The calculation results of the program exceed the critical value of protection action. The system software adopts multi-task design method. The tasks are: system clock setting, peripheral parameter acquisition, current acquisition, voltage acquisition, motor forward and backward input detection, fault type judgment, state indication. (1) Peripheral parameter acquisition includes: motor power setting, start-up time setting, zero detection; (2) system clock setting: 1 ms interrupt is set in timer as the clock rhythm of software operation; (3) current acquisition: main circuit current signal output by current transformer is collected through AD converter inside AVR microprocessor, 10 times for each current signal acquisition, median filtering is used, thermostatic element filtering efficiency is improved. (4) Voltage acquisition: collect the voltage at both ends of thyristor, use the high-level time of 4N35B optocoupler output to determine whether the voltage exists; (5) Motor forward and reverse input detection: use software filter to collect the reverse control signal, and interlock the keys. Only when one key is loosened, the input of the other key is effective.

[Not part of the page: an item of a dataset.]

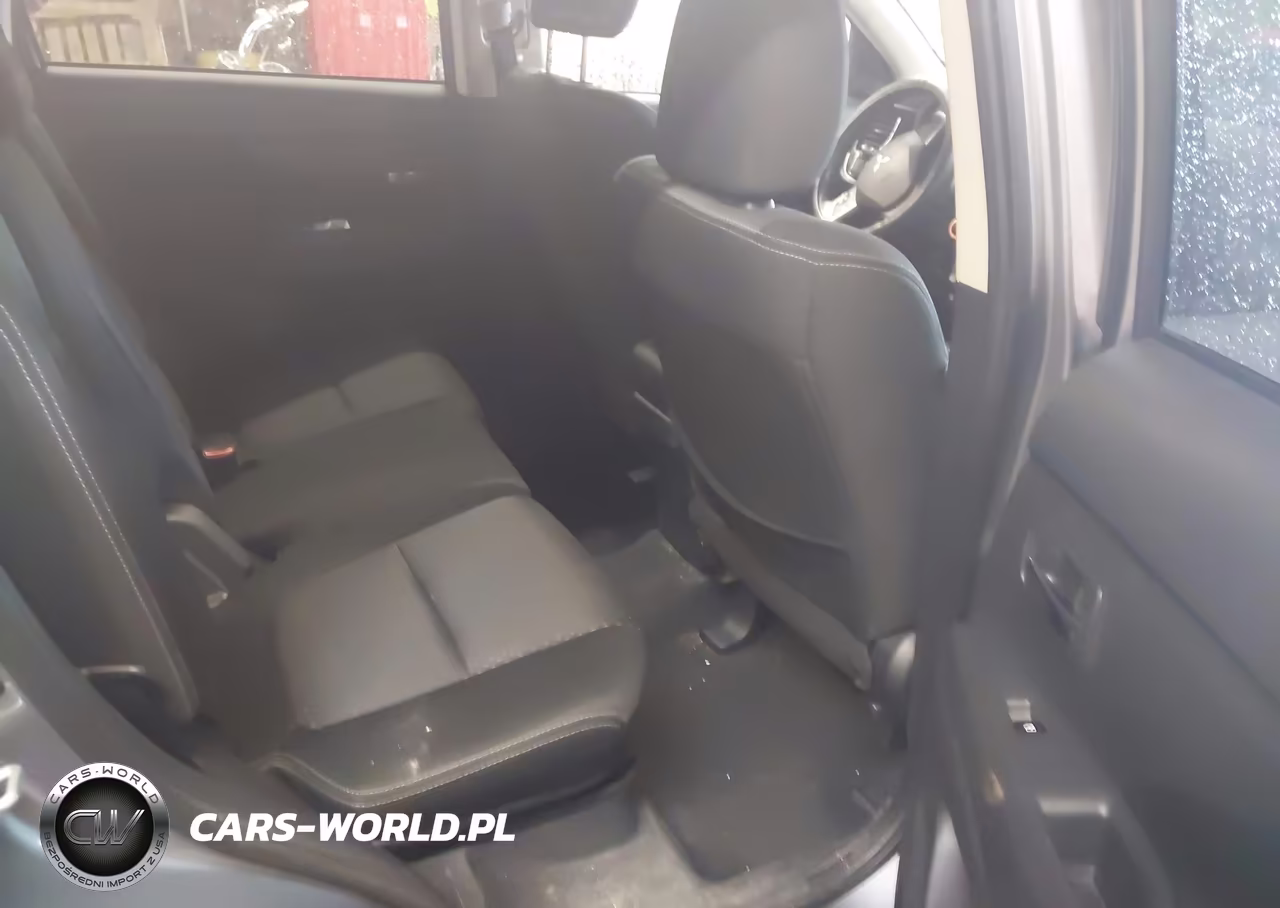 2018 Mitsubishi Outlander Es VIN:JA4AZ3A34JZ053053 - 8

The next key signal can be detected only after 60 m release of the key; (6) Fault type judgment: Fault type includes three-phase unbalance, silicon breakdown, silicon open circuit, reverse time overload and phase breakdown. According to the principle of fault discrimination, a variety of faults are analyzed through the input signal; (7) state indication: indicating the running state of the device through the indicator light, and if the fault occurs, output the fault type. The protection controller has compact structure and perfect protection function. The reverse parallel thyristor is used in the design to control the positive and negative rotation of the motor. The AVR microprocessor collects the voltage and current signals to realize the protection of the motor. After nearly one year’s actual operation in the factory, the protection controller runs steadily and reliably. Each index meets the design requirements and can be further promoted.